Here was the difference between the American colonies’ revolution and the Southern states’ rebellion. The colonists had been subjects, not citizens; they were parties to no formal political compact with the mother country; they were not voters in parliamentary elections even to the limited extent allowed to their English cousins, suffering taxation without representation among other tyrannies of government without consent of the governed. Their withdrawal
from the British Empire may have hurt that empire economically, but it did not threaten it existentially. Lincoln directly refuted the Southerners’ claim to be Jefferson’s legitimate heirs. Referring to the various state ordinances of secession, he wrote:
Our adversaries have adopted some Declarations of Independence; in which, unlike the good old one, penned by Jefferson,
they omit the words “all men are created equal.” Why? They have adopted a temporary national constitution, in the preamble of which, unlike our good old one, signed by Washington, they omit “We, the People,” and substitute “We, the deputies of the sovereign and independent States.”
Why? Why this deliberate pressing out of view, the rights of men, and the authority of the people?
Lincoln returned again and again to the idea of “the people.” He was determined to prove that the Union was not fighting against the cause of freedom, as the Confederates maintained, but actively for it—and according to a very different understanding of the word. To the secessionists, freedom meant the ability to elude authority. To Lincoln, freedom was in itself a form of authority—indeed, the only legitimate form of authority, as the only
alternative was authoritarianism. “And this issue embraces more than the fate of these United States,” he wrote.
It presents to the whole family of man, the question, whether a constitutional republic, or a democracy—a government of the people, by the same people—can, or cannot, maintain its territorial integrity, against its own domestic foes. It presents the question, whether discontented individuals, too few in numbers to control administration, according to organic law, in any case, can always, upon the pretences made in this case, or on any other
pretences, or arbitrarily, without any pretence, break up their Government, and thus practically put an end to free government upon the earth.
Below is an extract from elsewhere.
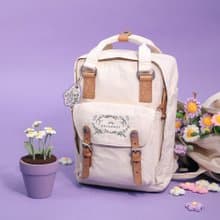 【DOUGHNUT】14吋  後背包 馬卡龍 水壺格 有機棉 刺繡-米黃 SF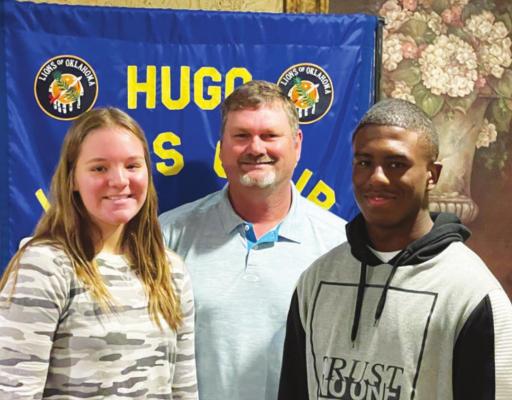 Hugo Lions Club Hugo High School October Students of the Month are Brinlee Allensworth and Sharrod Holt. Also pictured is high school principal Greg Holt.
It forces us to ask: “Is there, in all republics, this inherent, and fatal weakness?” “Must a government, of necessity, be too strong for the liberties of its own people, or too weak to maintain its own existence?”
Here Lincoln was not merely echoing, more eloquently, what he had told the regent captains of
San Marino two months earlier. He was also foreshadowing what he would tell a crowd of Americans at Gettysburg two years hence.
A government of the people, by the same people.
That superfluous word
same,
like a lead weight, tethers the phrase to earth, keeping Lincoln’s prose from rising into poetry; the reader longs
to cut it loose. But Lincoln’s thought is the same, and would remain a lodestar for him throughout the stormy years to come. Although he might not have scribbled his 1863 address on the back of an envelope,
as legend would have it, it should be no surprise that he wrote it fairly quickly. Lincoln had already done the hard work of the Gettysburg Address, the heavy intellectual lifting, in 1861. The two intervening years would go to pare away the
nonessentials, to sculpt 6,256 words of prose into 246 words of poetry.